Commissioner Campos Speaks on Mutual Fund Director Issues (MF)

2.28.2007 SEC Commissioner Roel C. Campos spoke in Coral Gables, Florida at the Mutual Fund Directors Forum First Annual Directors Institute. He discussed recent developments impacting directors and he noted the SEC is seeking public comment on two papers prepared by the SEC's Office of Economic Analysis relating to the costs of controversial proposals that would require the chairman and 75% of the directors of mutual fund boards to be independent from management. Commissioner Campos stated that most of the data gathered so far supported his view that the independent chair and 75% board independence provisions had not imposed great expense and that the rule has been implemented widely across the industry, with generally very positive results.

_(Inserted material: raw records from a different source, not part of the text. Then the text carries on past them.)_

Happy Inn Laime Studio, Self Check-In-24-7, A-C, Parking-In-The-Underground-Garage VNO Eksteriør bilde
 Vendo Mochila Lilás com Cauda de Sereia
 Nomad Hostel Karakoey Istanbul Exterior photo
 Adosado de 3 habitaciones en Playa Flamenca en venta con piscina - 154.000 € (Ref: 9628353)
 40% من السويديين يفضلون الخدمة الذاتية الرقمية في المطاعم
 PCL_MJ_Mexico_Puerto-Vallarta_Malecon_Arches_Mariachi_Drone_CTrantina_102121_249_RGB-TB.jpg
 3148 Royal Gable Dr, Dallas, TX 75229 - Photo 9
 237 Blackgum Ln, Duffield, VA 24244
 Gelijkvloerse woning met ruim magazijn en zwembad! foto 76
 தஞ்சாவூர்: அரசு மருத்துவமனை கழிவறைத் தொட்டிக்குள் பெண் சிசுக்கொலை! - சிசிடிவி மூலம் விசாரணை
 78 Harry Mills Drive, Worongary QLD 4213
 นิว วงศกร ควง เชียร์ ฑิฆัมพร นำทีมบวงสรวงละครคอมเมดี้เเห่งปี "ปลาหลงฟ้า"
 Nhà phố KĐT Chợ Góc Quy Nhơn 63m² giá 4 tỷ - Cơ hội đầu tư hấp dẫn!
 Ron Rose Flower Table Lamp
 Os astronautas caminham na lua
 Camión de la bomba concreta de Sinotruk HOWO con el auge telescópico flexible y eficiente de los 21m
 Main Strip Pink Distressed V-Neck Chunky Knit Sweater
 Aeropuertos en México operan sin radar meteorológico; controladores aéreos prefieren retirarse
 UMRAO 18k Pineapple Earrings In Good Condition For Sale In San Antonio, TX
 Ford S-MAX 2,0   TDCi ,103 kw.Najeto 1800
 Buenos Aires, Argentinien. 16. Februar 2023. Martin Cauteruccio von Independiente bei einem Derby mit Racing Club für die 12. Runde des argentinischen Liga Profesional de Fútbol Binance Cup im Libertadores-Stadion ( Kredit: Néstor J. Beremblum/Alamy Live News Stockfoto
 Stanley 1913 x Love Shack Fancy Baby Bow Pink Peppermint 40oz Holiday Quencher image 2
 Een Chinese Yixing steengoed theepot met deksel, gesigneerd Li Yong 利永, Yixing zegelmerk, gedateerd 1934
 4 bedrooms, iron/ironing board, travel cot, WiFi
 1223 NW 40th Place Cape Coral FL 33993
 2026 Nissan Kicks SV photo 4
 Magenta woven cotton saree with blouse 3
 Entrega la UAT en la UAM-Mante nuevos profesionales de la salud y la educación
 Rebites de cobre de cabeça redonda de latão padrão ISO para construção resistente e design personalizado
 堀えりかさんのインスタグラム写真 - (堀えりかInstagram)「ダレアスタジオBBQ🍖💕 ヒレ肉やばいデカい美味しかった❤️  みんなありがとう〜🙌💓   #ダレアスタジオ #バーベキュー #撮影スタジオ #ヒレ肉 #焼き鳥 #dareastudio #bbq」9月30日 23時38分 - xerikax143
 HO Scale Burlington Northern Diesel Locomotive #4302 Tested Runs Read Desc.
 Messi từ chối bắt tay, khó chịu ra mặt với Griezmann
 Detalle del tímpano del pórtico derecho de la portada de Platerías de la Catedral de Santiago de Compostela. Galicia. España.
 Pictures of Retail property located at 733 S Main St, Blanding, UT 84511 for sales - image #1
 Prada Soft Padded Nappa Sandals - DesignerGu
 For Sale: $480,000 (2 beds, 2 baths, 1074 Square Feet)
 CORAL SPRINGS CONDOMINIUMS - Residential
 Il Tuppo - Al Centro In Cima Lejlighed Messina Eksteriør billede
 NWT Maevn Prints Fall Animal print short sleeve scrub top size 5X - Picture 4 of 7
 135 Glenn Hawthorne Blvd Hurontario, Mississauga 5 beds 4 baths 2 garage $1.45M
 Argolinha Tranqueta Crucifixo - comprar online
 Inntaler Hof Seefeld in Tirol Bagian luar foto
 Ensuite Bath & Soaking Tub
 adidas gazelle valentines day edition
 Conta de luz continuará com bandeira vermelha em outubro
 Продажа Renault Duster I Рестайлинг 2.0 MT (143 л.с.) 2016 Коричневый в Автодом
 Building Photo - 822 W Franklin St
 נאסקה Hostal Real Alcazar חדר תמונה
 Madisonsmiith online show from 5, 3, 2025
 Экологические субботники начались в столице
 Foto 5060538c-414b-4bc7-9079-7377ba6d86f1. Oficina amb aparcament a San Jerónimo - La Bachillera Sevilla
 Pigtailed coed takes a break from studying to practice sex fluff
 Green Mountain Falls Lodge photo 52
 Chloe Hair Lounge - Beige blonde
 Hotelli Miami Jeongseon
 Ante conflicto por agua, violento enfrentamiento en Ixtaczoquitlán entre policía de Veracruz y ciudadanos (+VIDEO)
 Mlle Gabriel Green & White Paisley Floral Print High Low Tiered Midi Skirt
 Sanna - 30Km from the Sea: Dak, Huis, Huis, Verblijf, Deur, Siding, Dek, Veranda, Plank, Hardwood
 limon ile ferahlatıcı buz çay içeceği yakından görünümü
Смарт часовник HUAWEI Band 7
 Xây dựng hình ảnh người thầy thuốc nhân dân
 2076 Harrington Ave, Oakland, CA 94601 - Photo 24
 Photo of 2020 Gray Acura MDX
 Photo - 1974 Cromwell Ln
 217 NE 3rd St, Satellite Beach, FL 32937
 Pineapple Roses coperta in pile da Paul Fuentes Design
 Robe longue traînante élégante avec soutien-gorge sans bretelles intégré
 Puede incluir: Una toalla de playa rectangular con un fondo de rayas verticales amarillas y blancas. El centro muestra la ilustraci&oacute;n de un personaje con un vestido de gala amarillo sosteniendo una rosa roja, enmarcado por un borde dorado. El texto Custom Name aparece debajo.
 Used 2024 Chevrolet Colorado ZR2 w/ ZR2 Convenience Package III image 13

He next spoke about mutual fund activism, stating that funds may do well to seriously consider the power of effective shareholder activism. Rather than automatically voting with its feet any time a fund becomes unhappy with the current corporate structure or business strategy, it may be worthwhile for a fund to seriously assess the costs and benefits of using its significant leverage to generate value through management or other business changes.

Commissioner Campos also spoke on mutual funds versus hedge funds and funds of hedge funds. With respect to the latter topic, he addressed the issue of whether fund of hedge funds may be too risky or unsuitable for the average investor. He stated that this comment simply misses the mark. The SEC has never been, and is not in the business of, eliminating investment risk. Rather, the SEC protects investors and their investments by regulating fund disclosures, conflicts of interest, and governance. The SEC has always held that the determining appropriate investment risk and investment suitability with respect to a particular product should be made by the market and professionals and investors that operate in that space, not by the SEC.